Zoekt: Speed up zero-downtime reindexing
Background
The current zero-downtime reindexing feature for Zoekt is experiencing performance bottlenecks that make it insufficient for large-scale deployments. The current implementation in RepoToReindexEventWorker processes repositories sequentially with a batch size of 500, regardless of which Zoekt nodes they belong to.
Current Flow:
-
SchedulingServicechecks if repositories need reindexing viaRepository.should_be_reindexedscope - Emits a single
RepoToReindexEvent -
RepoToReindexEventWorkerprocesses up to 500 repositories globally viaRepository.should_be_reindexed.limit(BATCH_SIZE).create_bulk_tasks - Tasks are created for repositories across all nodes, but processing happens sequentially
Performance Issues:
- Single global event creates a bottleneck for large numbers of repositories requiring reindexing
- No parallelization across different Zoekt nodes that could process their repositories independently
- The
should_be_reindexedscope joins repositories with nodes to find schema version mismatches:joins(zoekt_index: :node).where("#{table_name}.schema_version != #{Node.table_name}.schema_version"), but doesn't leverage node-level parallelization - All reindexing work is funneled through one worker instance, limiting throughput
This becomes particularly problematic during schema version updates where potentially thousands of repositories across multiple nodes need reindexing simultaneously.
Proposal
Implement a node-based parallel reindexing approach that creates one event per Zoekt node with mismatched schema versions, allowing for massive performance improvements through parallelization.
Proposed Changes:
1. Update SchedulingService to emit per-node events
Modify repo_to_reindex_check in SchedulingService to:
- Identify nodes that have repositories with mismatched schema versions
- Emit one
RepoToReindexEventper node instead of a single global event - Pass the node ID in the event data
2. Update RepoToReindexEvent schema
Modify the event to accept node-specific data:
def schema
{
'type' => 'object',
'properties' => {
'zoekt_node_id' => { 'type' => ['integer', 'null'] }
},
'additionalProperties' => false
}
end
3. Update RepoToReindexEventWorker for node-scoped processing
Modify the worker to process repositories for a specific node when node ID is provided:
def handle_event(event)
return false unless ::Search::Zoekt.licensed_and_indexing_enabled?
node_id = event.data[:zoekt_node_id]
# Scope repositories to specific node if provided, otherwise use current global behavior
scope = if node_id.present?
Repository.should_be_reindexed.joins(zoekt_index: :node)
.where(zoekt_nodes: { id: node_id })
else
Repository.should_be_reindexed
end
return false if scope.with_pending_or_processing_tasks.exists?

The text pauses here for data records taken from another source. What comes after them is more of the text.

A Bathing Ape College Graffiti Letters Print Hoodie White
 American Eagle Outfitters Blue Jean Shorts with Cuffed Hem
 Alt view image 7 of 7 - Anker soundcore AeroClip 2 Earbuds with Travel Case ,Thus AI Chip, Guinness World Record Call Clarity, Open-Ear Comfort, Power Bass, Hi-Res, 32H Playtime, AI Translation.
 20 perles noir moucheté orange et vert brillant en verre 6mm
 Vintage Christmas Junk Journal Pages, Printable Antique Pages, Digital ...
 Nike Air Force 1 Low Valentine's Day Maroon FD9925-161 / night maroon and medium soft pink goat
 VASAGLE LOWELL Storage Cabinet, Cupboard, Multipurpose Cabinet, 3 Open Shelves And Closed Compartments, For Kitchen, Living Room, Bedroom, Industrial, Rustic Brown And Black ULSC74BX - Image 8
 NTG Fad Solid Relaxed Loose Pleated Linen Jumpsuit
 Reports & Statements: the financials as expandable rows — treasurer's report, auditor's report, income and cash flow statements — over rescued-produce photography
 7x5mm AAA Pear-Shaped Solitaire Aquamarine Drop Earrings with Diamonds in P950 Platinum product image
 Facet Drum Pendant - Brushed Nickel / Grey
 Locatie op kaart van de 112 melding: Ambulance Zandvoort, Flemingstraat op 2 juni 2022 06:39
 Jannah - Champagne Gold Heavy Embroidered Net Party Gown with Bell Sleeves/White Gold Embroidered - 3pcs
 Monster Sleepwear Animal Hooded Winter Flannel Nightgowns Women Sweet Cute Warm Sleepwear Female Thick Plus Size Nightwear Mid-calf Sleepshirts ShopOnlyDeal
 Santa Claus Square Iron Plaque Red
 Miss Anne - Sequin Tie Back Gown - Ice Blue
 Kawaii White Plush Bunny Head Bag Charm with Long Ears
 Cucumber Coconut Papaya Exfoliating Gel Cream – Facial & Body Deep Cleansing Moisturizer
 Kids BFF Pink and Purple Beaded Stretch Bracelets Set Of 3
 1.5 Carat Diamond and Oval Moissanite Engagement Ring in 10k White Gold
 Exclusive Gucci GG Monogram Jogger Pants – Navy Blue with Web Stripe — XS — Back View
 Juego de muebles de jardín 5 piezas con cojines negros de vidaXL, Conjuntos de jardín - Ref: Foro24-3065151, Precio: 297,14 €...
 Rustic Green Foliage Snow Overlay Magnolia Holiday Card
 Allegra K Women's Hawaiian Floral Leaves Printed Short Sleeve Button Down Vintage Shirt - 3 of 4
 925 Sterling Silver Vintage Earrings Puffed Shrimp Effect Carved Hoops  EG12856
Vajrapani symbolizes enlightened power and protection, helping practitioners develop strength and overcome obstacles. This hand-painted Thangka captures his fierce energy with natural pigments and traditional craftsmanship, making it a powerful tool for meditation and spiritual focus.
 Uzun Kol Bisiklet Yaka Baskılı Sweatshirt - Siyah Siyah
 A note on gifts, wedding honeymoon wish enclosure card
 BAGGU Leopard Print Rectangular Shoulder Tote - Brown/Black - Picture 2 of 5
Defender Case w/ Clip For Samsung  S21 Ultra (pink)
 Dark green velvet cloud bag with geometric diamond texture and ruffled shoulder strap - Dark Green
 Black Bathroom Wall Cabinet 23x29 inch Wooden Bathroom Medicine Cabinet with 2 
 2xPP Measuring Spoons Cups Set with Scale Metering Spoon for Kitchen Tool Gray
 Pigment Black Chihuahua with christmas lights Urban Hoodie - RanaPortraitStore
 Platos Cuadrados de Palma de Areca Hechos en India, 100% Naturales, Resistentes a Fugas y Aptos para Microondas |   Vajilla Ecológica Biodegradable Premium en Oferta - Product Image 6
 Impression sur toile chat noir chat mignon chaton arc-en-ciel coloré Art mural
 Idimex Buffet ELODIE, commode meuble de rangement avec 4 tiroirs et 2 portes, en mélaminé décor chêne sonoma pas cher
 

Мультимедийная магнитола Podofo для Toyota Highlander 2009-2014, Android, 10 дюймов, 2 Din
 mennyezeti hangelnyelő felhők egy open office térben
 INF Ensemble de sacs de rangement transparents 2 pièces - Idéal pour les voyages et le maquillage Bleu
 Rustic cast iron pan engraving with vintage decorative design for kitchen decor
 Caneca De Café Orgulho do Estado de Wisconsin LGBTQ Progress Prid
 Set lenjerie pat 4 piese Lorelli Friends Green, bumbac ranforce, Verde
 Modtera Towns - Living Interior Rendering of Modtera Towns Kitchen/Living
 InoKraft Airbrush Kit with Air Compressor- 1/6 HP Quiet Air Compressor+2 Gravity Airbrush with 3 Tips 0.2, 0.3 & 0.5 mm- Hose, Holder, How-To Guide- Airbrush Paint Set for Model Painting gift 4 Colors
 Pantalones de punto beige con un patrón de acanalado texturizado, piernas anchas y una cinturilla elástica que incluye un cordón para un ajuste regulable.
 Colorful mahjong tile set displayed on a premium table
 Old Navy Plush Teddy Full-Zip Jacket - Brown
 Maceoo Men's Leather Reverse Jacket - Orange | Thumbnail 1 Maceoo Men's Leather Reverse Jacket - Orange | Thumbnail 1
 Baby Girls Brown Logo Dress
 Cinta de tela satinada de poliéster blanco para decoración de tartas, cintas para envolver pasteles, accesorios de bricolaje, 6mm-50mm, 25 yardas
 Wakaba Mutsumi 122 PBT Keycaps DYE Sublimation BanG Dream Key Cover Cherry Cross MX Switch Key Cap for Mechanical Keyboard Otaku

scope.limit(BATCH_SIZE).create_bulk_tasks
end
Benefits:
- Massive performance improvement: Multiple nodes can process their repositories in parallel instead of sequentially
- Better resource utilization: Each Zoekt node can work on its own repositories simultaneously
- Scalability: Performance scales linearly with the number of nodes
- Reduced bottlenecks: Eliminates the single global event bottleneck
- Backward compatibility: Falls back to current behavior when no node ID is specified
Implementation considerations:
- Maintain existing batch size limits per node to prevent overwhelming individual nodes
- Add feature flag for gradual rollout and easy rollback
This approach transforms the reindexing process from a serial operation to a highly parallel one, potentially improving performance by orders of magnitude depending on the number of Zoekt nodes in the deployment.